You will want a continuos use 20amp relay as well.


----------



## newhere (Oct 13, 2009)

Yooper can you explain why a relay is needed? I always ran my ground to the frame and then I ran the hot lead into one side of the cab mounted switch out the other side into a fuse and then to the battery. Is my way inferior?


----------



## Too Stroked (Jan 1, 2010)

When you start switching something (lights in this case) with a large amperage draw, if you simple run all that amperage through a switch, you tend to fry the switch do to arcing pretty quickly. What a relay does is separate the load into high and low amperage draw portions. You use the low amp draw side to energize a coil that then does the actual high draw switching. This also allows you to take the high draw side directly from something proper (like the battery) and the low draw side from something convenient (like a fuse panel). 

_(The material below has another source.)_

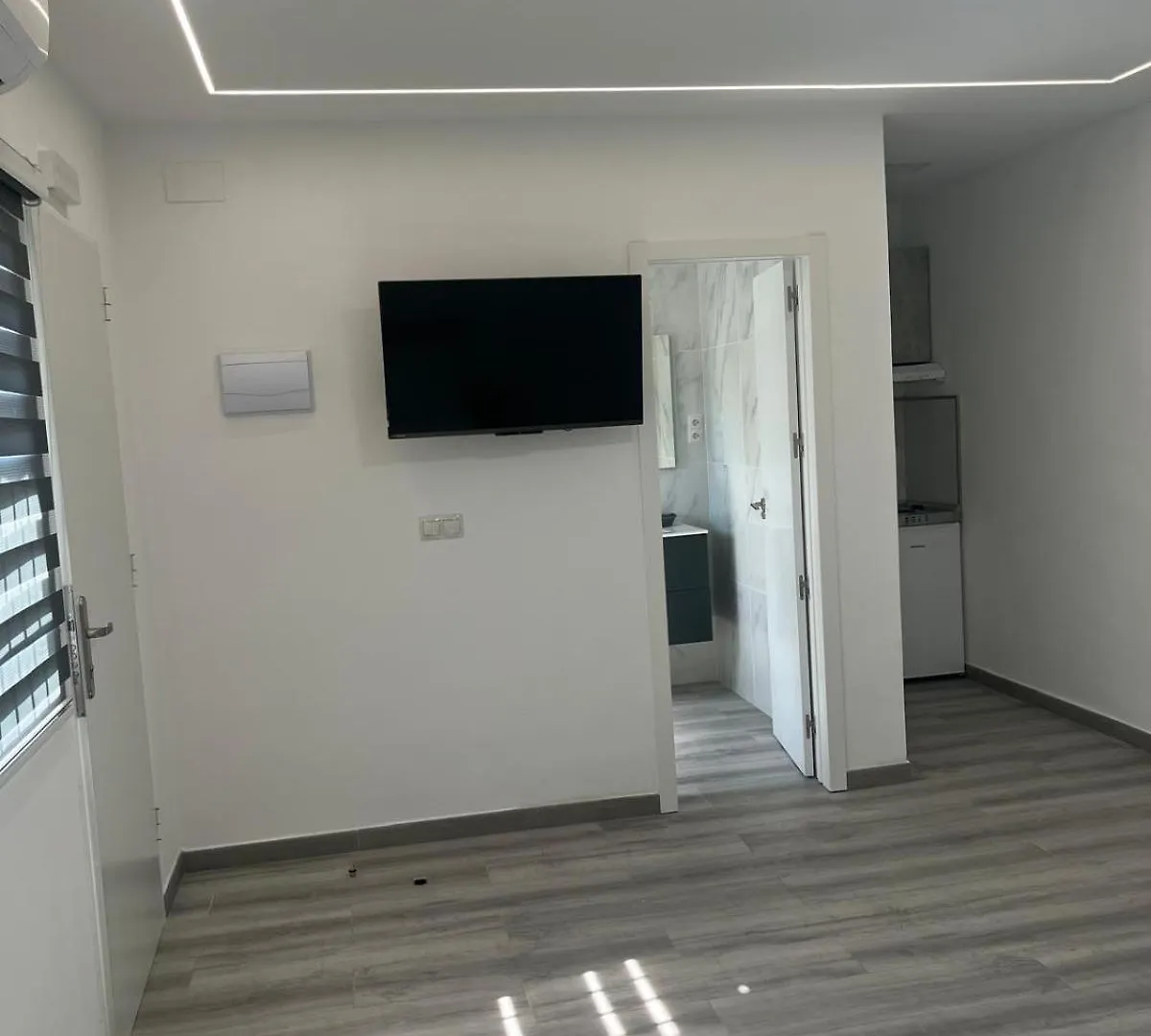 Villa Amir Фуэнхирола 0*,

So I guess the short answer is that if you use a relay in high current draw situations, you'll find that you have a much safer and more reliable circuit. Hope that helps.


----------



## swtiih (Nov 30, 2008)

Using a relay is definetly a good idea. 14 gauge wire is good for 15amps , 12 guage wire is good for 20amps. Stranded wire is what you want to use not solid. I would personally use #12.


----------



## 02powerstroke (Nov 7, 2006)

I'm going to run 12 to them from the relay but the wire on the plugs is only 14 but I'm going to have them wired together so it will be a combined load.


----------



## 2COR517 (Oct 23, 2008)

What is the amp draw/wattage rating of the lights? How are you switching them? How many are you using?


----------



## basher (Nov 13, 2004)

02powerstroke said:


> I'm going to run 12 to them from the relay but the wire on the plugs is only 14 but I'm going to have them wired together so it will be a combined load.






2COR517;1179074 said:


> What is the amp draw/wattage rating of the lights?


Definite need to know.


----------



## 02powerstroke (Nov 7, 2006)

basher;1179077 said:


> why is that a no no? the wire coming out of the lights it only 14 gauge. I ran 12-2 trailer brake wire back to the 40 amp constant duty solenoid, I'm switching it with a toggle switch that activates the solenoid.


----------



## 02powerstroke (Nov 7, 2006)

12V 3"X3" H-3 flood 12v 55w 4 amp $25.11


----------



## RBRONKEMA GHTFD (Dec 17, 2006)

You might want to use 2 relays. Maybe even 3. And divide them between the relays, Thats a lot of amp draw for 1 relay.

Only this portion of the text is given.